As pessoas se foram e deixaram lembranças. Algumas agradáveis e outras não. Mas, se fosse agora, eu faria tudo de forma tão diferente, que transformaria qualquer desentendimento em uma oportunidade de aproximação.
Sempre vamos olhar pra frente, aguardando o que não temos e desejando o que não somos. Crescer faz bem, realmente, mas é o agora que temos nas mãos para fazermos as melhores escolhas que irão construir os amanhãs.
A velocidade do tempo é cruel conosco e nos enfraquece, quando nos mostra quem nos tornamos, nossos erros, faltas e o que deixamos de fazer. Os dias que passaram não retornam, para tentarmos com mais cautela.
São as esperanças de reconstruir o que foi perdido e de retomar o que foi levado embora que consomem os restos de energia que ainda existem. Relações foram destruídas por falta de sabedoria, compreensão e compaixão.
Fomos levados de um lado para o outro sem esperar que pensássemos no que estava acontecendo. Entendemos as nossas ausências, que torturam, quando sentimos falta daquilo que um dia foi nosso e não é mais.
As pessoas são dadas por perdidas, antes mesmo de estarem, pois nos afastamos na esperança de ter um pouco de paz. Emocionalmente estamos desvinculados do que nos sustenta e nos capacita a seguir em frente.
Tudo passou como um sopro rápido e invisível. Assim foi o tempo que me deixou aqui neste lugar, sem saber, nem ao menos, o que houve realmente. Eu queria voltar e fazer tudo de novo, usando o que aprendi.
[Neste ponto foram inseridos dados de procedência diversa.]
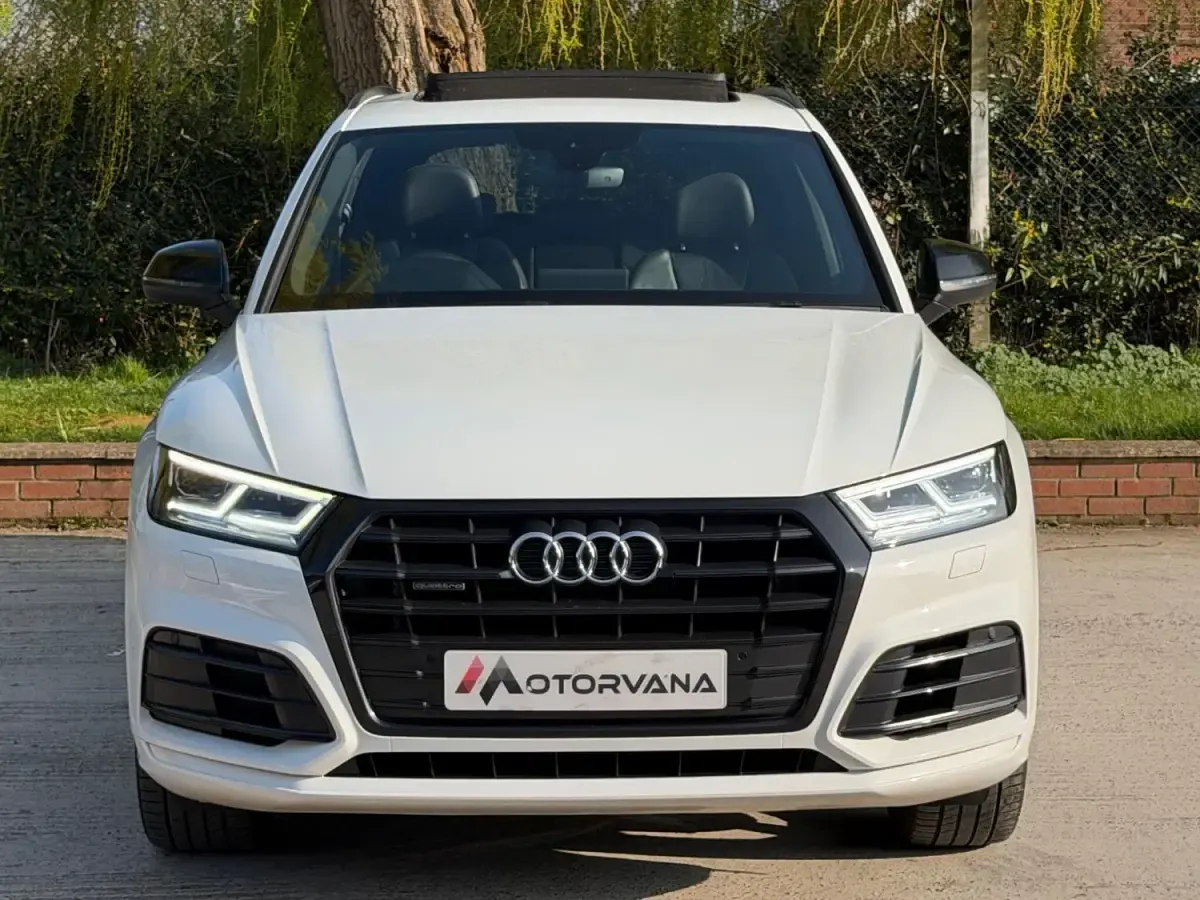 Usado Audi Q5 Black Edition 190 HP (139 kW) 2020 Branco SUV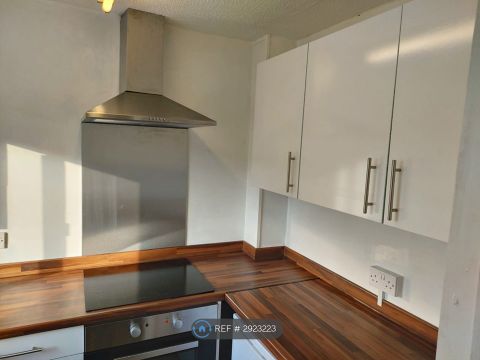 Apartment in Milton Keynes MK9, Central Milton Keynes - More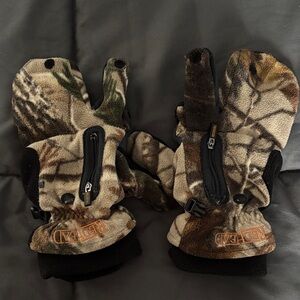 Camo Fleece Mittens with Zipper Pockets and Fingerless Tips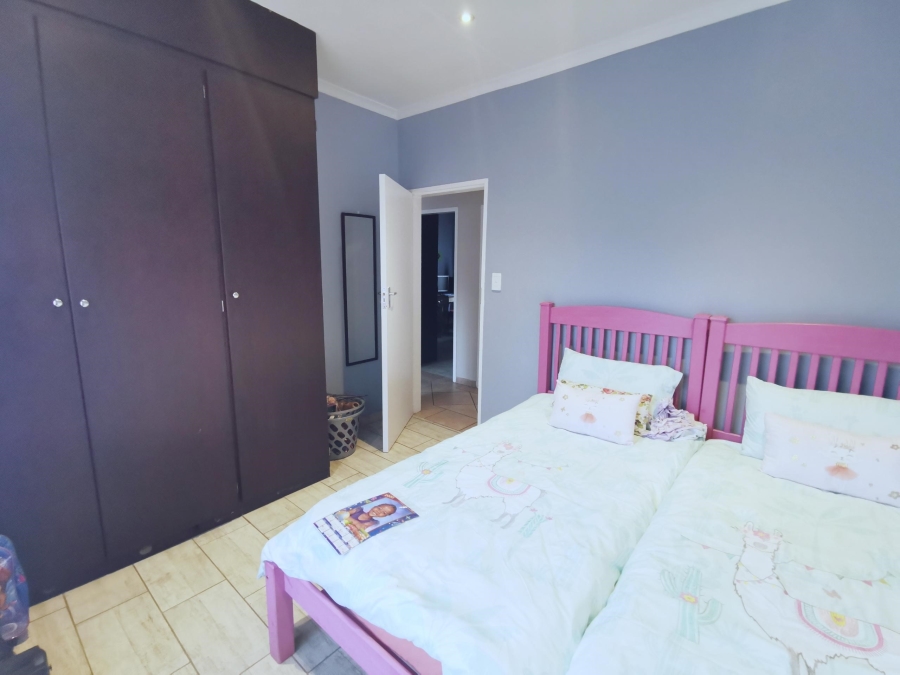 To Let 3 Bedroom Property for Rent in Thatchfield Estate Gauteng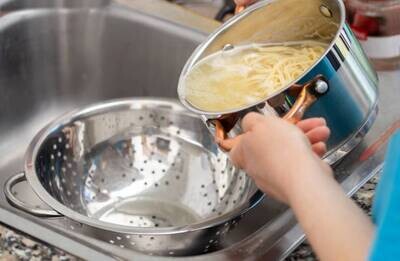 Colanders and Strainers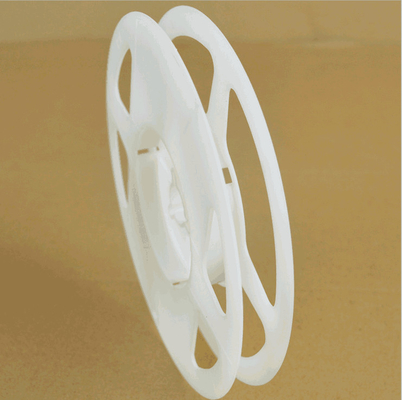 - Cavo di plastica facile da manovrare e da conservare con maniglie integrate e kit di ruote opzionali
Porém, a minha sabedoria atual não serve mais para o que passou, pois não tive a paciência de enfrentar a dor que me fez fugir. Fui precipitado e somente agora eu percebo o que deixei para trás. Os momentos se foram.
O tempo não voltou quando eu pedi. Ele continuou passando como se não esperasse por mim, nem pelas pessoas que deixei. Quando olhei bem, elas não estavam mais ali. Então, pedi pra voltar, mas foi perda de tempo.